“Gli operai non contano più niente, il lavoro sta finendo”. C’è tutta l’amarezza e lo sconcerto di questi tempi bui nello sfogo di Filiberto Graziani, un delegato Flai Cgil dello stabilimento Fiorucci di Pomezia, alle porte di Roma. 64 anni, 37 di contributi, una vita a fare dentro fuori dai frigoriferi, a lavorare la carne di maiale che poi diventava prosciutto e salame nei nostri panini. Due malattie professionali. A tanto così dalla pensione, ancora lontana se non vuole accontentarsi di una miseria, deve andare avanti per altri tre anni. Dal presidio presso il palazzo della Regione Lazio, l’ennesima tappa di una mobilitazione che va avanti da novembre scorso e che è l’ultima di una lunga parabola discendente che ha portato questo marchio a ridurre la forza lavoro dai 1400 del 1995 ai 400 di oggi, parla con tristezza di quello che è diventato il mondo del lavoro. “Perché oggi chi comanda sa che con lo stipendio di un operaio anziano può pagare tre giovani o esternalizzare a una cooperativa. Per questo il lavoro sta finendo. Per questo la nostra lotta in questa vertenza diventa importante per tutti. Non dobbiamo permetterlo”.
La vertenza, già. Questa infinita discesa di Fiorucci, un marchio che conserva agli occhi di molti prestigio e fama, ma che, crisi dopo crisi, fin dal lontano 1996, ha imboccato la strada del passaggio di mano. Ognuno di quelli che lo prendeva – multinazionali, fondi di investimento – rubava un pezzetto e lo lasciava più povero. “L’amministratore delegato ci ha detto che questa azienda l’ha pagata un euro. Questa è un’azienda fallita – ci ha detto – che vale un euro. Ma se è fallita, che te la sei comprata a fare? Allora vuoi grattare il fondo anche tu”. Esce fuori la rabbia e lo sconcerto di chi l’ha fatta veramente la fortuna di questo marchio, un giorno dopo l’altro, a confezionare affettati, mentre ai piani alti si ragionava solo di quanto e come spremerlo.
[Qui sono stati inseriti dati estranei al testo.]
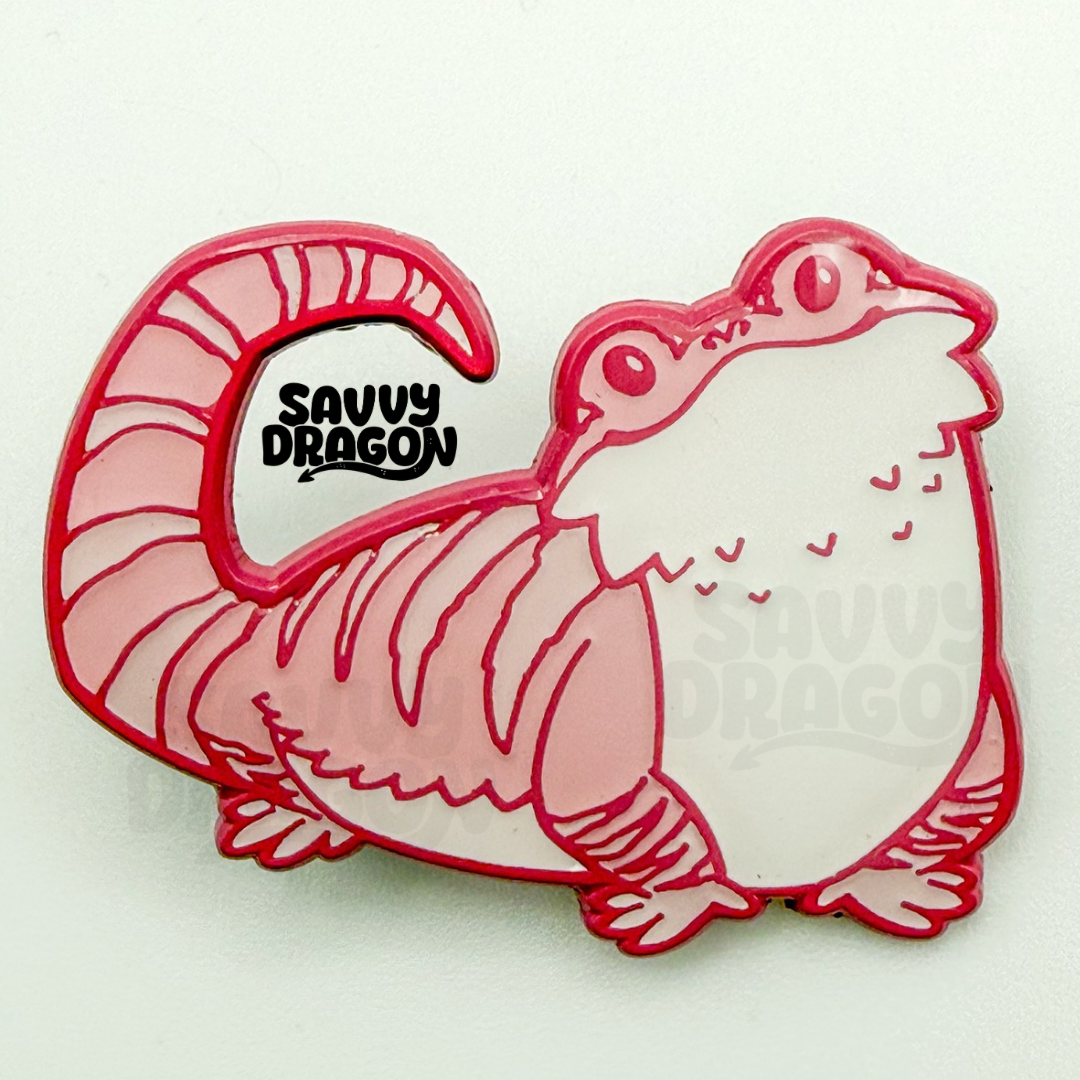 Bearded Dragon Enamel Pin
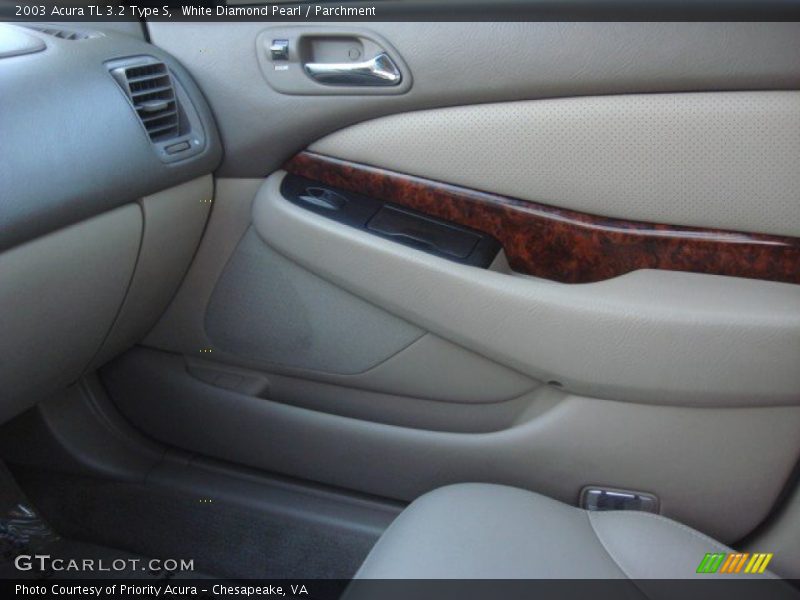 White Diamond Pearl / Parchment 2003 Acura TL 3.2 Type S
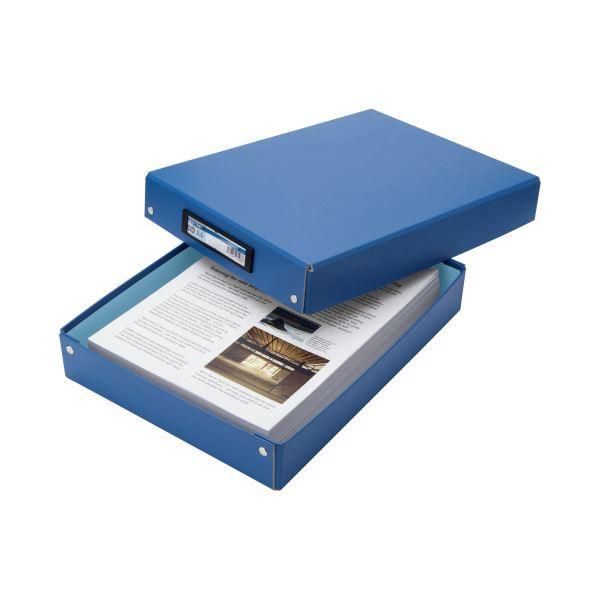 ds-(まとめ) TANOSEE デスクトレー A4 青 1個 〔×30セット〕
"Gli ultimi e attuali proprietari si sono insediati ad agosto. E a novembre ci hanno dato il buongiorno, aprendo questa procedura di licenziamento per il 55% della forza lavoro. Se calcolate che fino al giorno prima noi quotidianamente avevamo dentro allo stabilimento 30 o anche 40 interinali che facevano una parte importante e faticosa del lavoro, perché qui siamo tutti in età avanzata e pieni di acciacchi, pensate a quante braccia servono per mandarla avanti. Anche perché qui per fatturare, non avendo mai puntato sull’innovazione di prodotto, servono grandi quantità, tonnellate, non quintali. Se adesso tu smonti l’azienda, da 400 ci porti a meno di 200, me lo dici come speri di farlo davvero il lavoro?”.
Lunedì scorso si sono chiusi i 45 giorni della procedura. Dopo lo sciopero e il presidio di oggi, 18 gennaio, si attende domani il primo incontro dei 30 giorni della fase istituzionale. “Presumibilmente ci sposteremo al ministero – ci spiega Antonio Del Brocco, segretario Flai Cgil Roma Lazio –. L'azienda non vuole attivare gli ammortizzatori sociali ma soltanto gli incentivi all'esodo. È l’ennesima deindustrializzazione: oggi fanno i licenziamenti e spostano – dicono – gli investimenti al biennio 2025/2026. La protesta ha lo scopo di sollecitare la Regione affinché convinca l’azienda a utilizzare gli ammortizzatori sociali. Di 170 esuberi solo una settantina sono pensionabili sfruttando i due anni di Naspi. Ne resterebbero fuori circa in 100. E intanto l’azienda che per funzionare, produrre e restare sul mercato ha bisogno di braccia finirà per esternalizzare”.